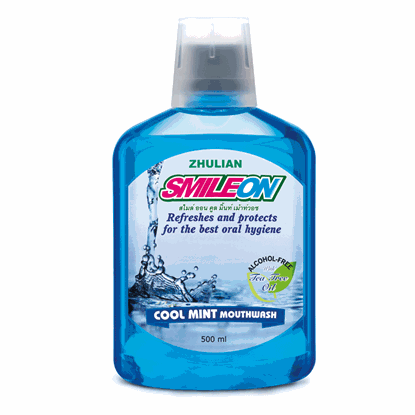 Picture of Smile On Cool Mint Mouthwash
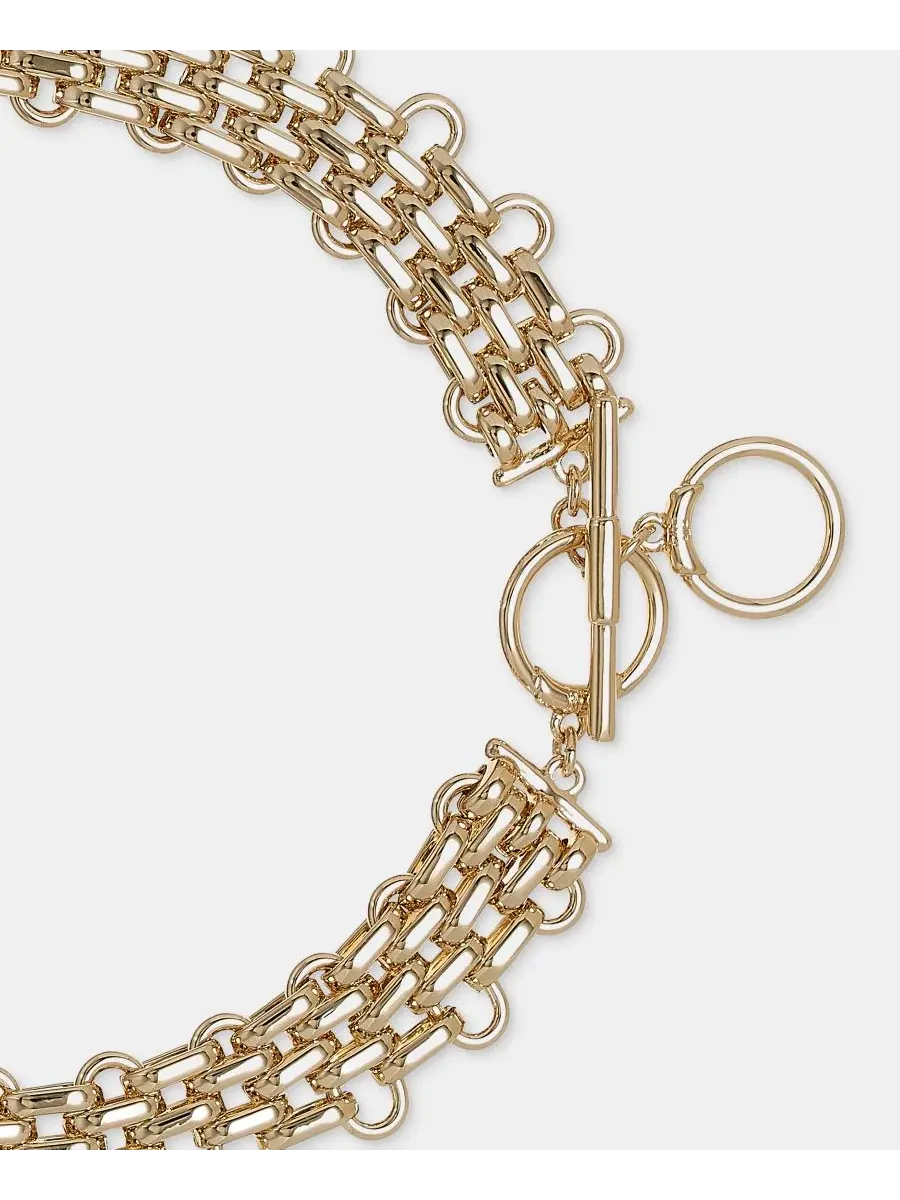 Колье-цепь Rolo Link Collar Lauren Ralph Lauren — изображение 4 из 5, оттенок золото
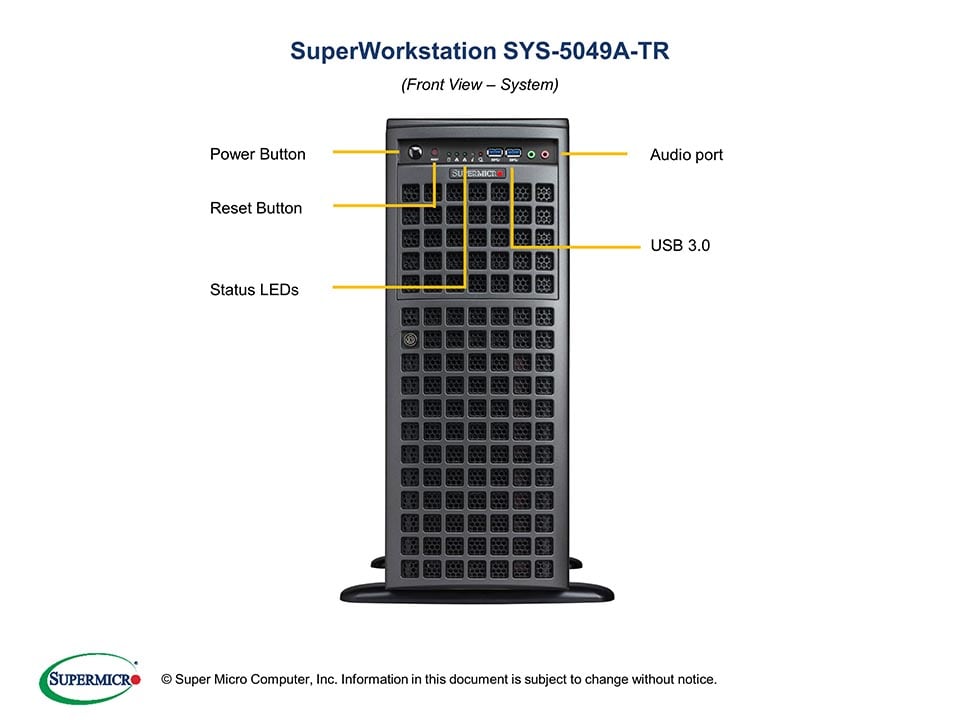 Сервер Supermicro SYS-5049A-TR 4U — фото 4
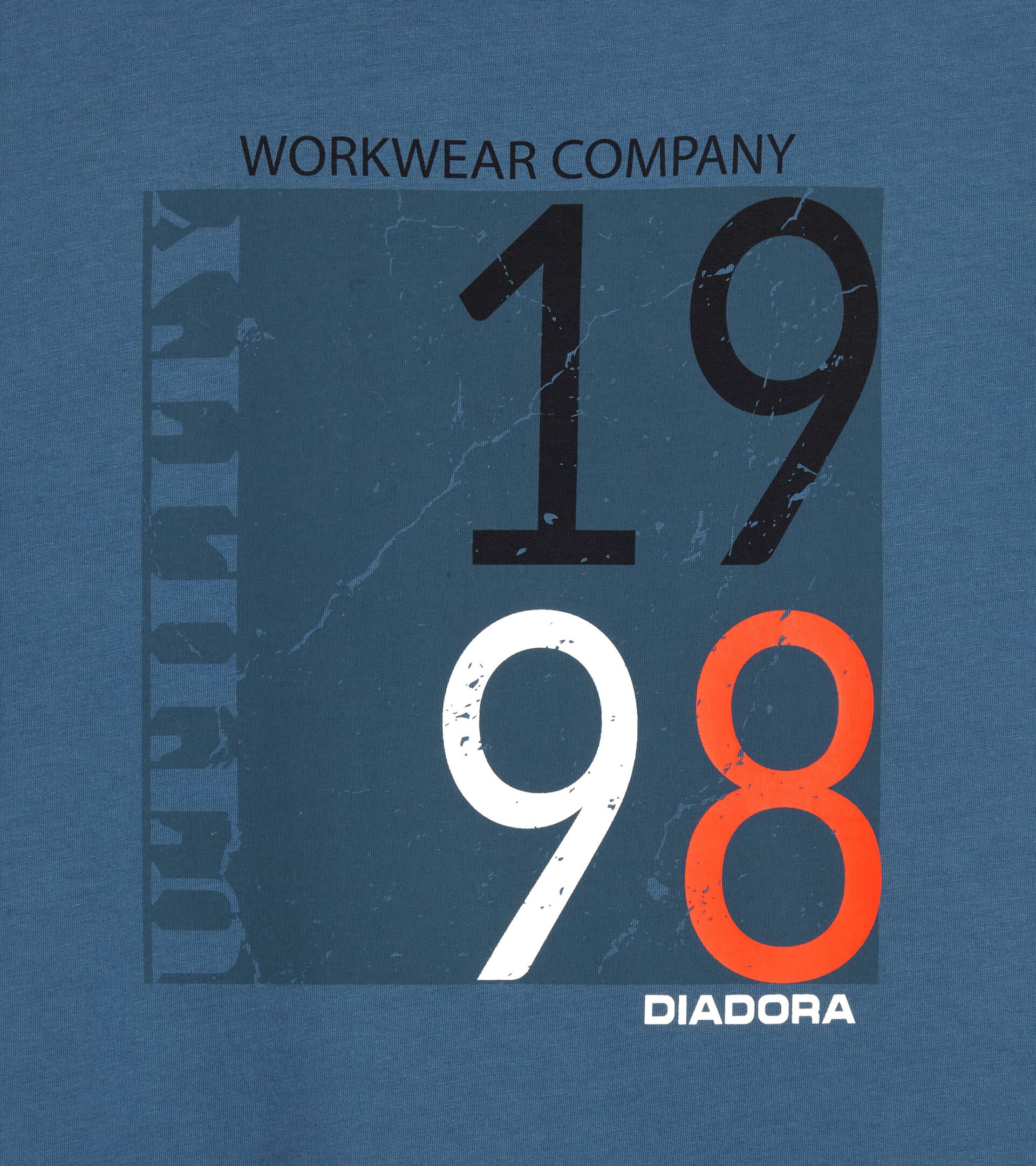 Short-sleeved work T-shirt T-SHIRT GRAPHIC 1998 BLUE ASH - Utility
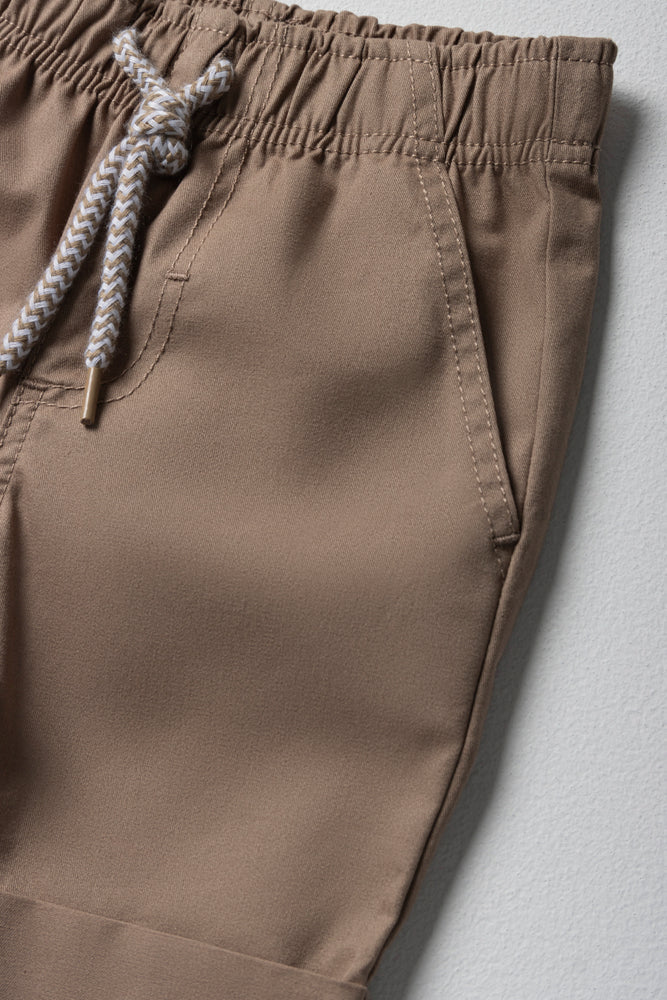 2-pack shorts groen &amp; naturel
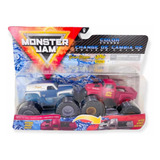 Kit 2 Miniaturas Monster Truck Grave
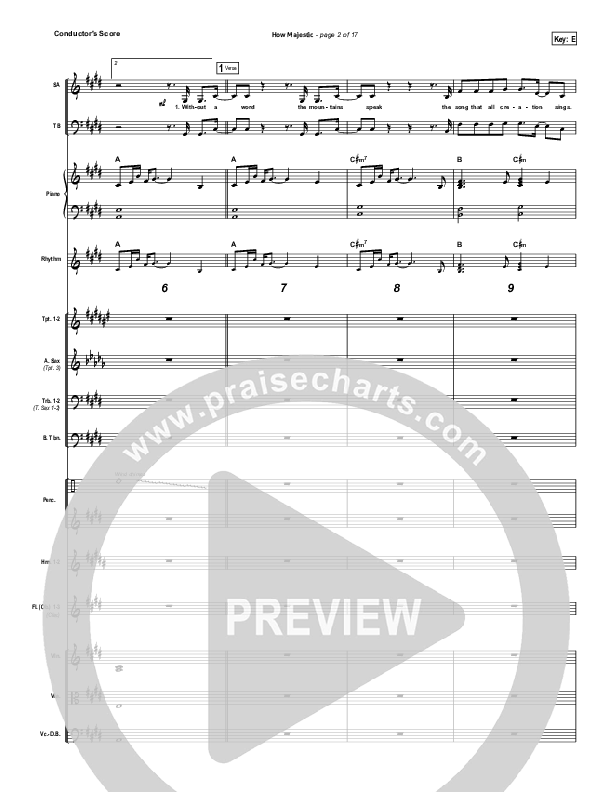 How Majestic Conductor's Score (Kari Jobe)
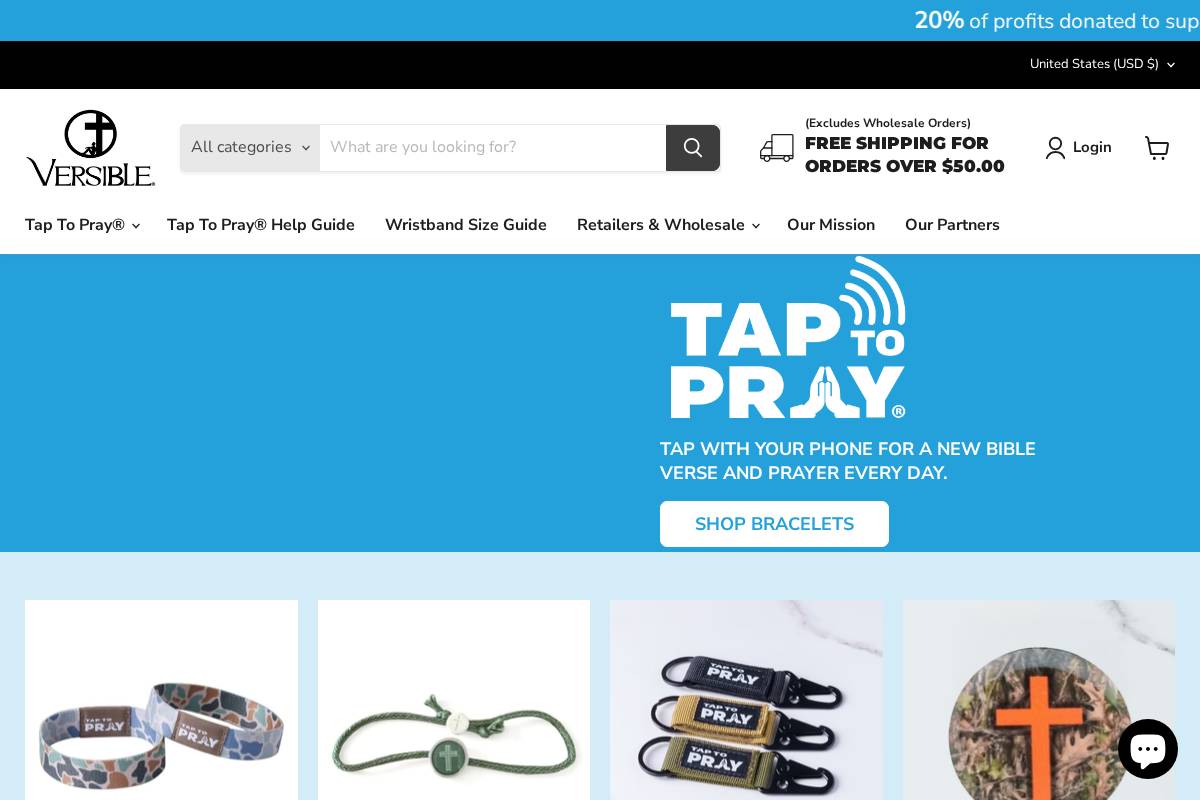 versible.com homepage screenshot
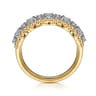 14K White Yellow Gold Bujukan Diamond Fashion Ring - 0.5 ct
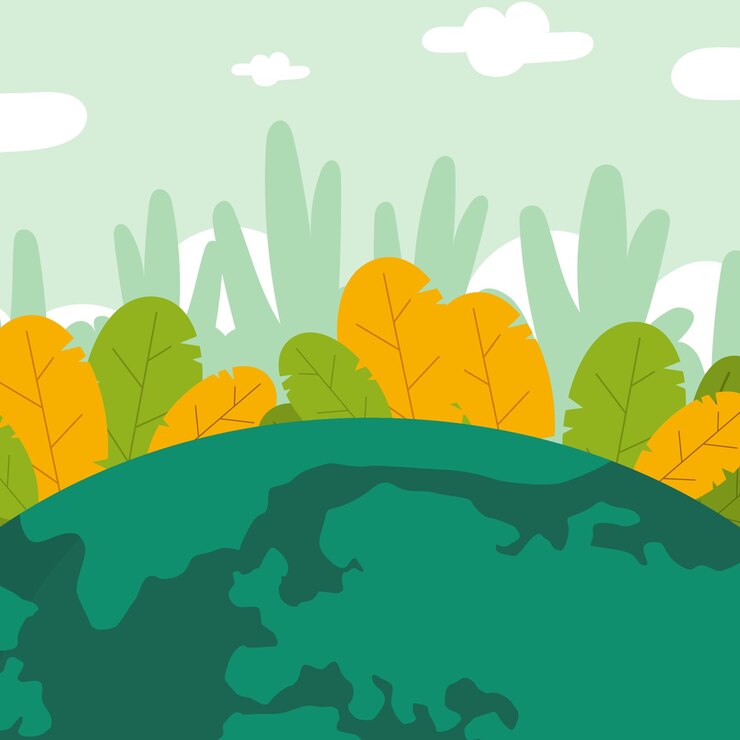 Vector a green planet background image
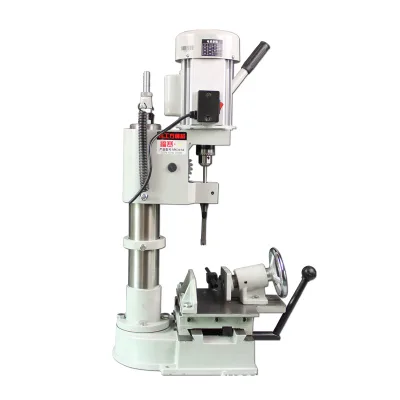 Manual Multifunctional Woodworking Square Tenoner Mortising Machine Small Bench Drill Hole Cutter Slotting Function Wood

★ ★ ★

EXERCISE DETAILS
Give back all the material exactly, with no pictures.

RESPONSE
 Picture of Smile On Cool Mint Mouthwash
 Колье-цепь Rolo Link Collar Lauren Ralph Lauren — изображение 4 из 5, оттенок золото
 Сервер Supermicro SYS-5049A-TR 4U — фото 4
 Short-sleeved work T-shirt T-SHIRT GRAPHIC 1998 BLUE ASH - Utility
 2-pack shorts groen &amp; naturel
 Kit 2 Miniaturas Monster Truck Grave
 How Majestic Conductor's Score (Kari Jobe)
 versible.com homepage screenshot
 14K White Yellow Gold Bujukan Diamond Fashion Ring - 0.5 ct
 Vector a green planet background image
 Manual Multifunctional Woodworking Square Tenoner Mortising Machine Small Bench Drill Hole Cutter Slotting Function Wood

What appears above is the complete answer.